Fintech as a Service Market Regional Analysis
The global market has been classified into North America, Europe, Asia Pacific, Middle East & Africa, and South America on the basis of region.

The North America fintech as a service market share stood around 36.15% in 2024 in the global market, with a valuation of USD 128.77 billion. This dominance stems from the increasing integration of financial services into e-commerce, logistics, and enterprise platforms. Businesses are embedding payment gateways, digital wallets, and credit products directly into their platforms to improve customer retention and revenue streams.
Large retailers, ride-hailing companies, and online marketplaces are partnering with FaaS providers to enable instant payments and digital accounts. This trend is being driven by the shift toward cashless transactions and digital-first experiences. The rising number of strategic partnerships between fintech firms and non-financial businesses also supports the market’s performance.
- In March 2025, Walmart partnered with JPMorgan Chase to speed up payments for merchants on Walmart’s marketplace. The partnership allows U.S. merchants selling on Walmart’s online platform to receive faster payment settlement and manage cash flow using JPMorgan’s systems.
The market in Asia Pacific is projected to grow at a CAGR of 19.18% over the forecast period. This growth is due to the expansion of e-commerce and multi-service platforms integrating financial services. These platforms rely on FaaS providers to manage transactions, compliance, and settlements at scale.
Blockchain technology also improves the speed and transparency of international payments. Financial institutions are partnering with global technology providers to implement distributed ledger systems for real-time settlements.

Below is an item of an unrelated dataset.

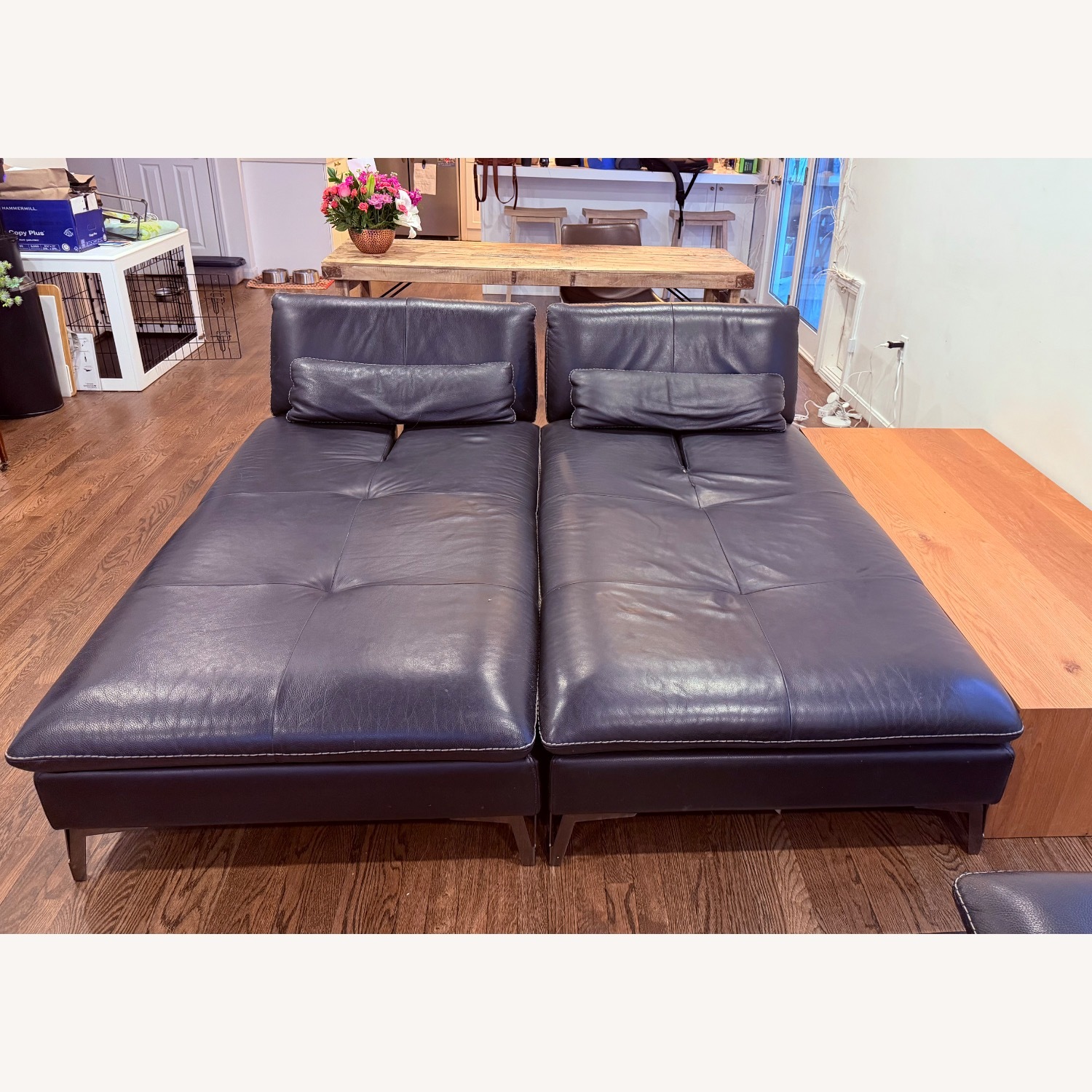 Roche Bobois Black Leather 3+ Piece Sectional - image-5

- In March 2025, Axis Bank and J.P. Morgan, through J.P. Morgan’s Kinexys Digital Payments platform, launched a blockchain-based 24/7 USD clearing service for commercial clients in India. This service uses distributed ledger technology to enable real-time, around-the-clock cross-border payments.
Such initiatives are modernizing the payment infrastructure and reducing reliance on traditional clearing networks while enhancing transaction traceability and lowering costs for banks and fintech providers.
Regulatory Frameworks
- In the U.S., Fintech as a Service providers are regulated under the Bank Secrecy Act by the Financial Crimes Enforcement Network (FinCEN), which requires registration as Money Services Businesses for entities involved in money transmission. The Office of the Comptroller of the Currency (OCC) offers special-purpose fintech charters, and the Consumer Financial Protection Bureau (CFPB) oversees consumer protection, data security, and fair lending practices.
- In the UK, the Financial Conduct Authority (FCA) regulates Fintech as a Service operation under the Payment Services Regulations and the Electronic Money Regulations. Companies providing payment or e-money services must obtain FCA authorization and comply with rules on safeguarding customer funds, facilitating authentication, and offering data protection. The Financial Services and Markets Act governs additional financial products, and the UK’s evolving crypto asset framework extends oversight to virtual asset service providers.
- China governs Fintech as a Service through the Regulations on Supervision and Management of Non-Bank Payment Institutions, effective from 2024. These rules categorize payment services into stored-value operations and transaction processing, requiring licensing from the People’s Bank of China (PBoC). Institutions must comply with capital, reserve, and fund management standards. The revised Anti-Money Laundering Law strengthens KYC (Know Your Customer) and transaction monitoring obligations, extending oversight to fintech and non-financial payment entities.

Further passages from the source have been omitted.